Dans le passage de l’Evangile (cf. Luc 17, 7-10), le Seigneur donne un exemple, impliquant les disciples dans sa réflexion : « Lequel d’entre vous, quand son serviteur aura labouré ou gardé les bêtes, lui dira à son retour des champs : “Viens vite prendre place à table” ? Ne lui dira-t-il pas plutôt : “Prépare-moi à dîner, mets-toi en tenue pour me servir, le temps que je mange et boive. Ensuite tu mangeras et boiras à ton tour” ? Va-t-il être reconnaissant envers ce serviteur d’avoir exécuté ses ordres ? ». Il souligne par cet exemple, que d’une manière habituelle, dans les choses et réalités de ce monde, la reconnaissance n’est pas une évidence, encore moins un dû, pour autant, elle n’est pas illégitime, et cependant rien ne justifie l’ignorance ou le mépris. Ainsi, si le serviteur a accompli son devoir, il est juste et légitime qu’à son tour il prenne son repas. Dans ce passage, les disciples sont à la place du maître qui s’adresse à son serviteur.

La conclusion de cet exemple renverse la situation : « De même vous aussi, quand vous aurez exécuté tout ce qui vous a été ordonné, dites : “Nous sommes de simples serviteurs (selon les traductions : simples serviteurs, serviteurs inutiles, serviteurs quelconques) : nous n’avons fait que notre devoir.” ». Le disciple est alors à la place du serviteur, et c’est lui-même, le serviteur, qui doit se juger comme un simple serviteur. Nous comprenons aussi combien, la première reconnaissance du serviteur est dans le service qu’il accomplit, dans la confiance qui lui ai faite et sa persistance.

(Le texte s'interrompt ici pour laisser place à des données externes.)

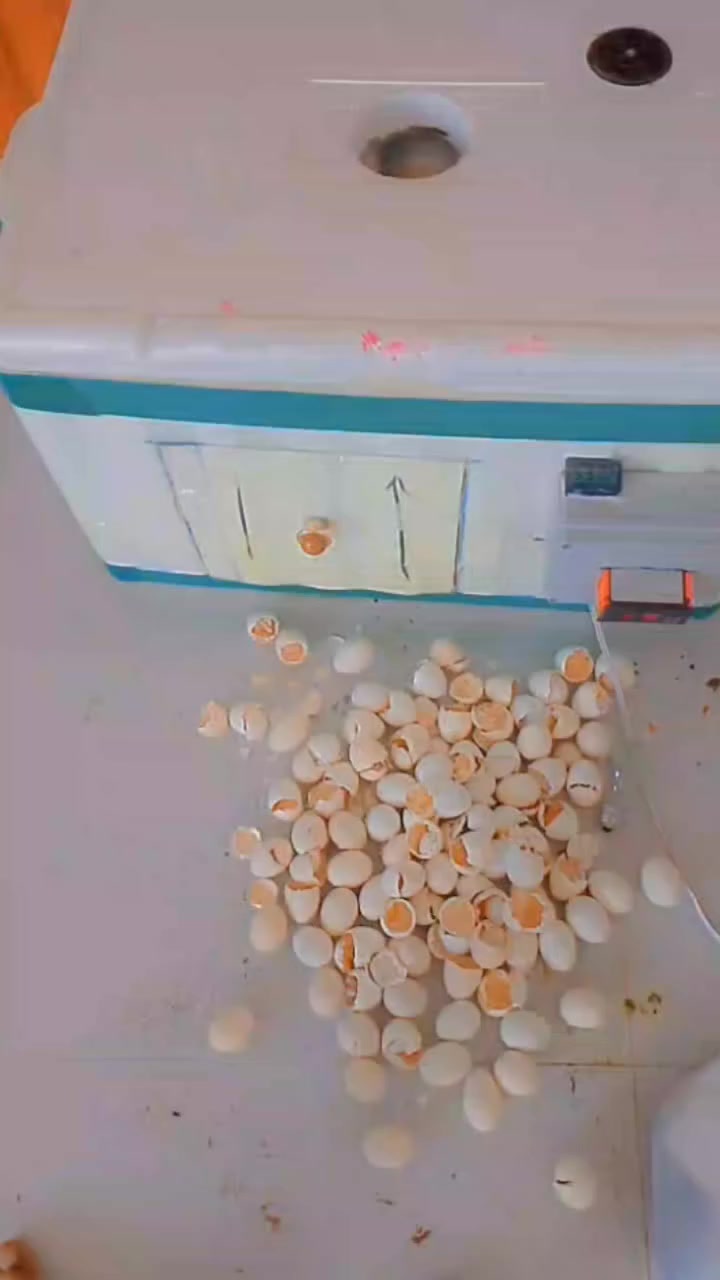 فقاسه للبيع نسبه تفقيس 90٪
سعر 85 الف بيها مجال تاخذ 275 بيضه تقليب يدوي شغله 100٪ اتصل ***********
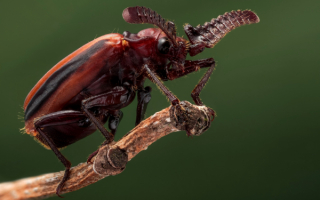 Жук пауссин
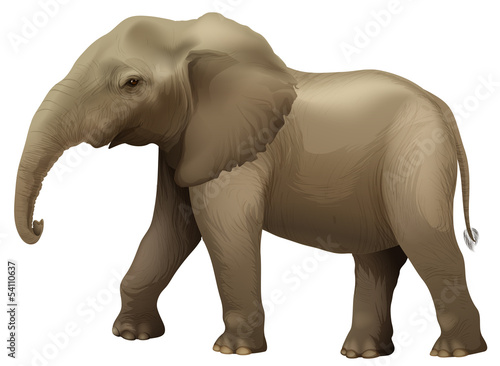 African elephant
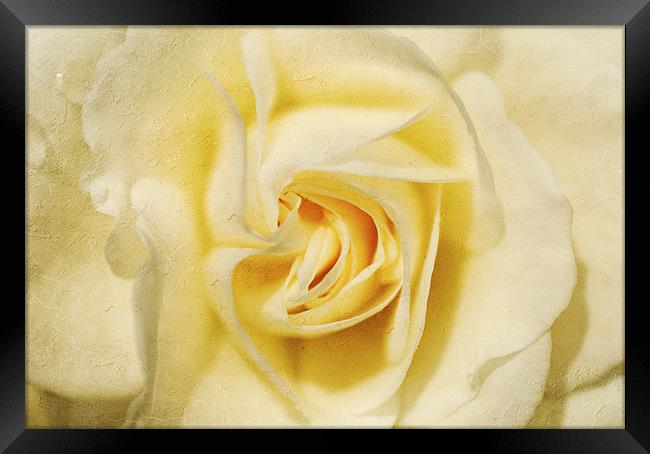 Pale yellow Rose Framed Print by Dawn Cox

Toutefois, comment ne pas mettre ce passage en lien avec un autre « Vous êtes mes amis si vous faites ce que je vous commande. Je ne vous appelle plus serviteurs, car le serviteur ne sait pas ce que fait son maître ; je vous appelle mes amis, car tout ce que j’ai entendu de mon Père, je vous l’ai fait connaître  » (Jn 15, 14-15). De fait, pour ce qui concerne notre vie de foi, nous ne pouvons simplement transposer et se contenter de ce qui se vit dans la société : ce serait inadapté et réducteur. Et là, nous voyons combien l’amitié de l’ami devient la reconnaissance qui comble le serviteur. Un autre passage exprime encore cette reconnaissance lorsque le maître « Très bien, serviteur bon et fidèle, tu as été fidèle pour peu de choses, je t’en confierai beaucoup ; entre dans la joie de ton seigneur. » (Mt 25, 23). En ces deux passages qui complètent le précédent, la reconnaissance du maître n’est pas absente – au contraire -, et l’attente du simple serviteur, inutile ou quelconque, est comblée au-delà de ce qu’il aurait pu imaginer ou espérer.

Au fond, ce qui va nous permettre d’être d’authentiques serviteurs, d’une certaine manière, c’est cette reconnaissance gratuite, inattendue et pleine de tendresse, une reconnaissance moins pour le service accompli que pour la personne qui s’y consacre, une reconnaissance qui n’est pas intéressée par la production ou l’efficacité, mais qui encourage, fortifie et met en valeur la personne : «  tu as du prix à mes yeux, tu comptes beaucoup, et je t’aime » (cf. Is. 43, 4).

J’en ai fait souvent l’expérience, il n’est pas toujours facile d’exprimer sa reconnaissance à une personne, parfois par pudeur ou par étourderie, parce qu’on n’y a pas pensé, trop souvent par orgueil, vanité ou jalousie. Pour ma part, j’aimerais qu’elle soit pour moi comme une vertu, une bonne habitude, de savoir être reconnaissant et de l’exprimer avec des gestes ou mots justes. En tout cas, chaque fois que j’ai pu le faire, j’ai constaté combien la personne, loin de s’enorgueillir, s’obligeait encore plus à être ce simple serviteur, inutile ou quelconque, dans une joie débordante.